- November 26, 2025
- Posted by: EWGFX
- Category: news
USD/CAD sticks to a positive bias for the fifth straight day amid a supportive fundamental backdrop.
Sliding Crude Oil prices undermine the Loonie and act as a tailwind for the pair amid a bullish USD.
Traders now look to this week’s important macro data from the US and Canada for a fresh impetus.
The USD/CAD pair trades with a positive bias for the fifth consecutive day and holds steady above the 1.4100 mark through the early European session on Tuesday. Moreover, spot prices remain close to an over two-week top touched last Friday and seem poised to appreciate further amid a supportive fundamental backdrop.
Crude Oil prices struggle to capitalize on the previous day’s bounce from a one-month low and meet with a fresh supply amid concerns that supply will exceed demand next year. This, in turn, is seen undermining the commodity-linked Loonie, which, along with the underlying bullish sentiment surrounding the US Dollar (USD), turns out to be a key factor acting as a tailwind for the USD/CAD pair.
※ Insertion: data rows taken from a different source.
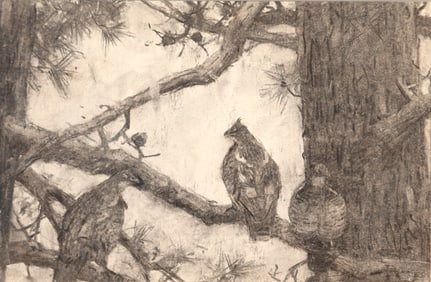 Aiden Lassell Ripley (1896-1969), Grouse on a Pine Branch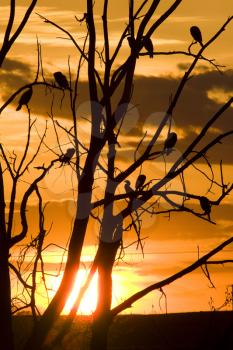 Cormorants in Tree at Sunset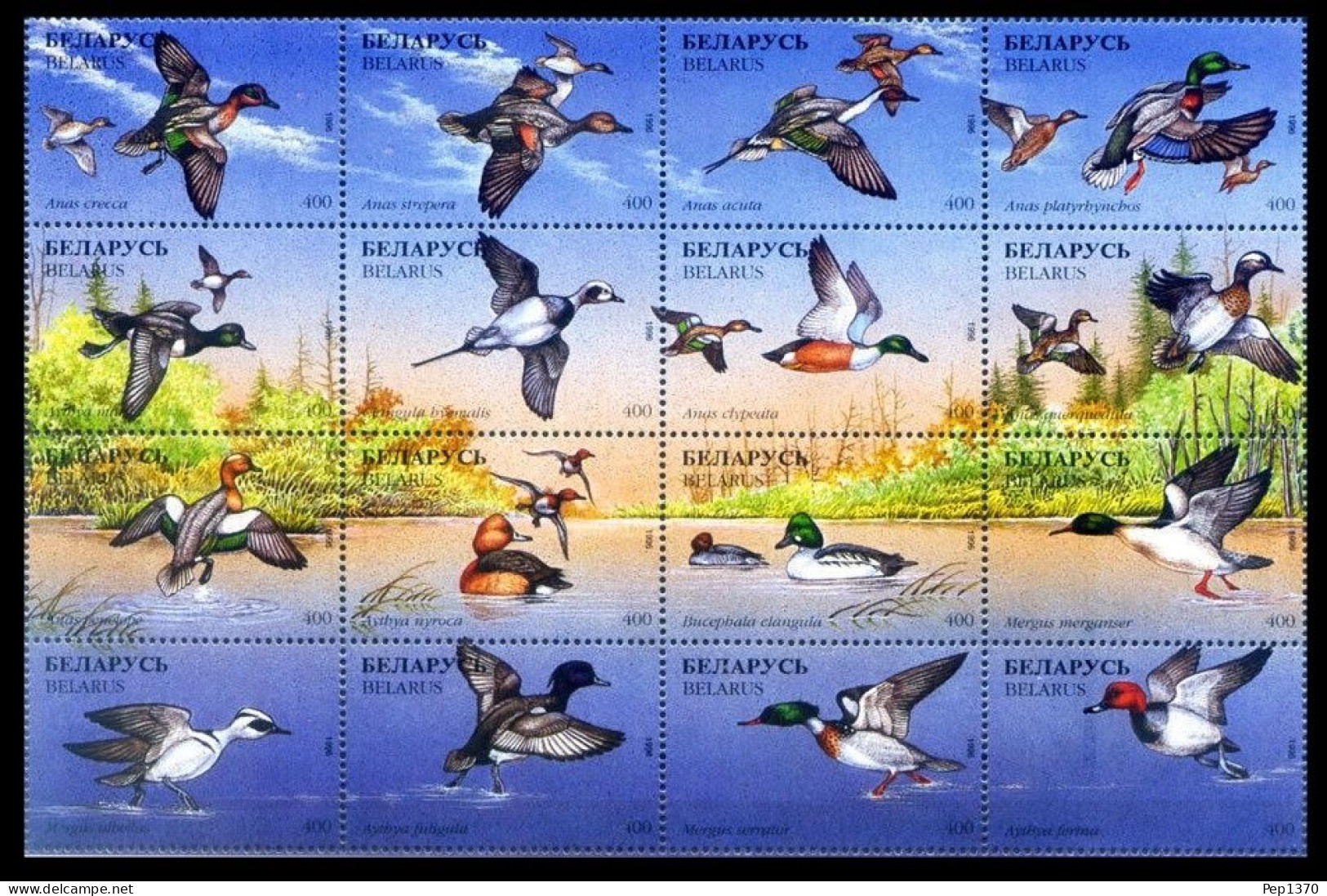 BIELORUSIA 1996 - BELARUS - FAUNA - PAJAROS - PATOS - YVERT 135/150** - Belarus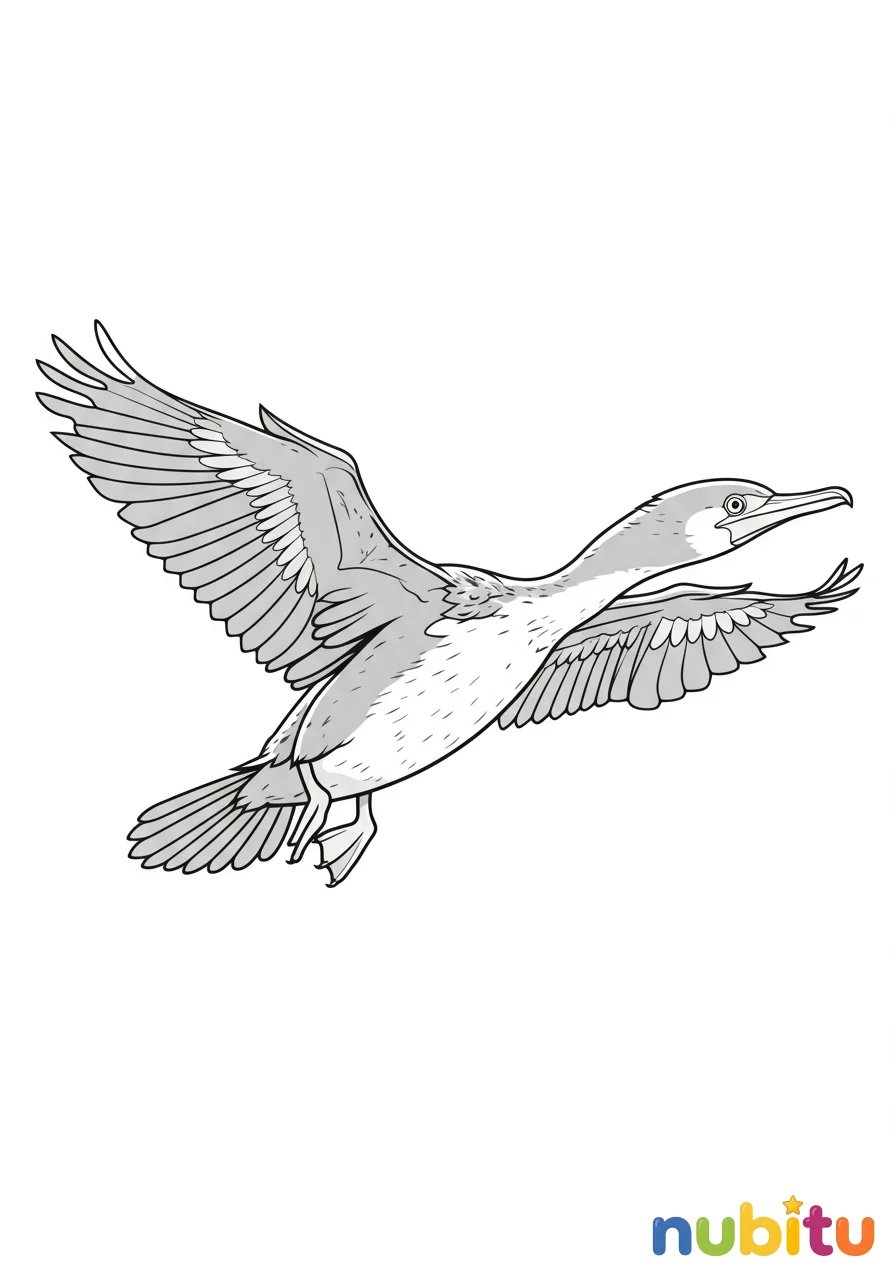Dibujo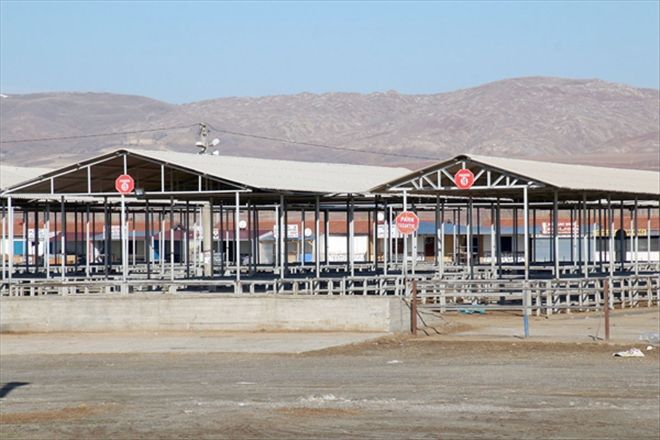 Şarkışla´da şap hastalığı karantinası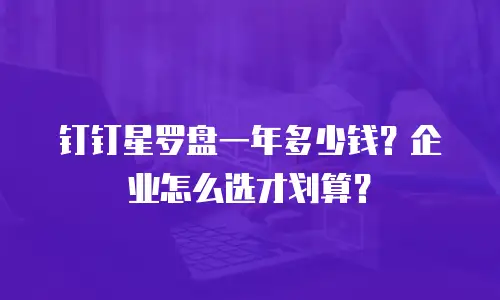 钉钉星罗盘一年多少钱？企业怎么选才划算？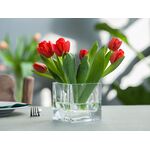 Wazon kwadrat 10 x 10 x 10 cm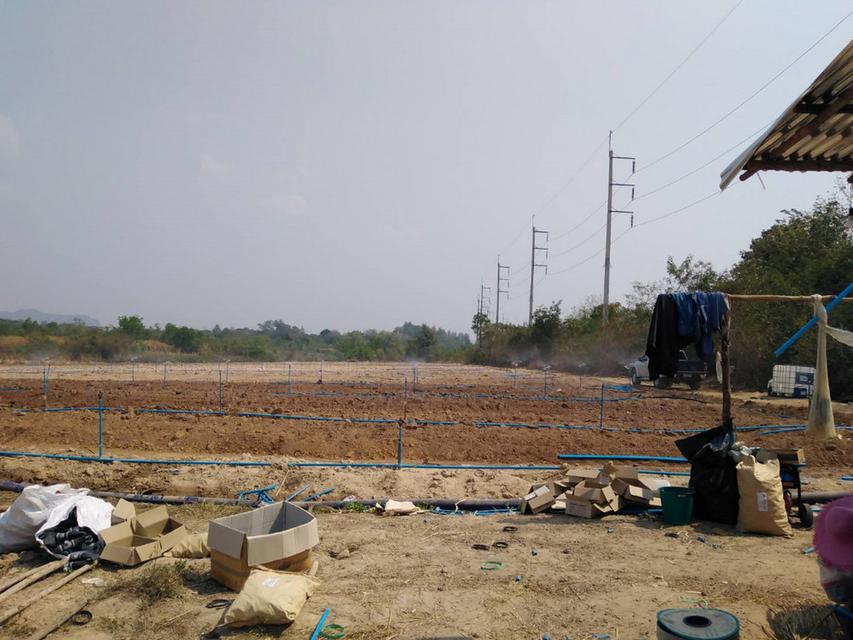 ที่ติดถนน จอมบึง ราชบุรี 118 ไร่ 5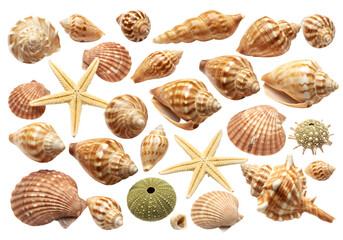 Isolated Illustration of Seashell Starfish Assortment on Transparent Background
Meanwhile, traders ramped up for another interest rate cut by the US Federal Reserve (Fed) in December following the recent comments from influential FOMC members. This, in turn, keeps a lid on further gains for the USD and the USD/CAD pair. Traders also seem reluctant to place aggressive directional bets and opt to wait for important macro releases from the US and Canada, due this week.
A rather busy week kicks off with the delayed release of the US Producer Price Index (PPI) and Retail Sales, which will be followed by Pending Home Sales and the Richmond Manufacturing Index. Apart from this, investors will confront the US Durable Goods Orders on Thursday and the monthly Canadian GDP print on Friday, which, in turn, should provide some meaningful impetus to the USD/CAD pair.